Lack of thirst sensitivity isn't the only thing that differentiates
seniors from younger adults when it comes to dehydration. Some seniors
decrease their water intake due to fear of urinary incontinence,
while others experience mild nephrogenic diabetes insipitus - a
type of diabetes that's common among the elderly. Nephrogenic diabetes
insipitus can cause dehydration.
Symptoms of dehydration in seniors:
- Dry, inelastic skin
- Confusion
- Fatigue
- Headaches
- Dry mouth
- Thirst
Benefits seniors can experience by
drinking plenty of water:
- Helps prevent kidney stones
- Can ease constipation
- Improves condition of skin
- Improves mental sharpness
- Aids digestion
- Increases blood pressure and helps circulation
DIETS
The simple act of drinking a lot of water can be extremely beneficial
to dieters. The right amount of water in the body helps the body
perform at its best, burning fat and calories. It is also a good
substitute for snacking throughout the day.
The downside to not drinking enough water for dieters is that it
can actually increase body fat. When the body gets dehydrated, it
seeks water from other sources, including fat cells.

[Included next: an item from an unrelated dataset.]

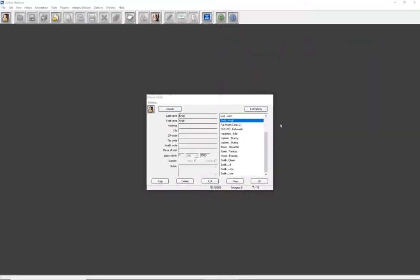Welcome to a GINDEX video training series that demonstrates the functionality of VIXWIN Platinum 3.5 imaging software. This tutorial will show you how to capture digital images in the Windows layout view. Radiographic 2D images taken by phosphorus plate scanners, panoramic and cephalometric units, and intraoral cameras and sensors may be automatically acquired into VIXWIN and then selected for treatment, analysis, and saving.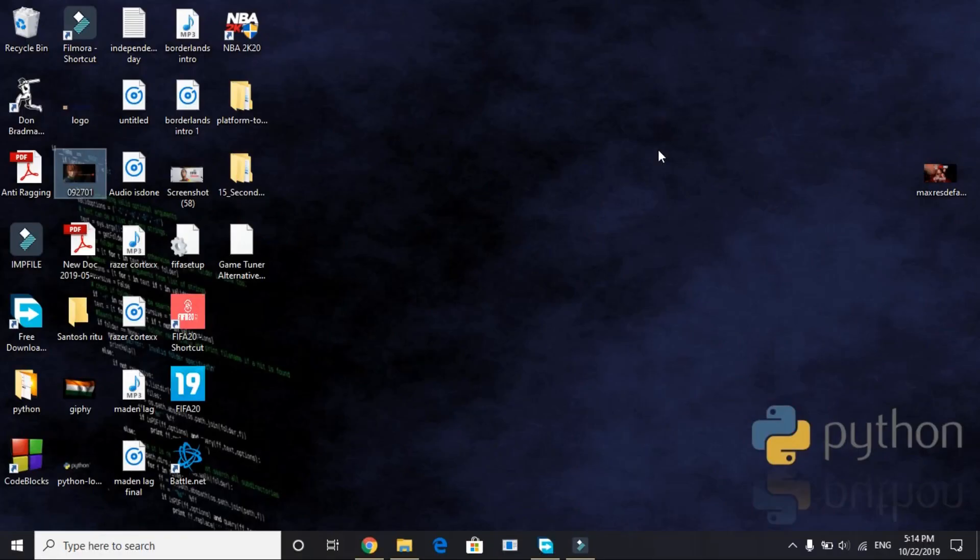Hello everyone, it's PCHelper here and in this video I will be showing you how to fix error WWE2k20.exe has stopped working and more crashing issues for the game WWE 2k20.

If your fat
cells have less water, there's less mobilization of fat for energy.
Not to mention, without enough water, your kidneys won't function
as well, putting extra stress on the liver, which won't be able
to metabolize as much fat as it should.
In other words,losing weight will become a difficult task if you're
not drinking enough water.
ATHLETES
Clearly, athletes are at a higher risk of becoming dehydrated than
most people. Which is something athletes need to be keenly aware
of at all times. In fact, many health experts would argue that for
an athlete to perform at his or her peak, nothing is more important
than being properly hydrated.
Symptoms of dehydration in athletes:
- Nausea
- Chills
- Elevated heart rate
- Inability to sweat
- Light-headedness
Hydration tips for athletes:
- Eat a balanced meal and drink plenty of water 24
hours before a major workout
- Drink two cups of water before exercising
- Drink water at regular intervals while exercising
- Weigh yourself before and after vigorous workouts
to make sure you've replaced the fluids lost from working out
- If urine is dark after exercising, drink more
water
- Don't drink beverages high in sugar while exercising
- Water is the best fluid replacement for athletes.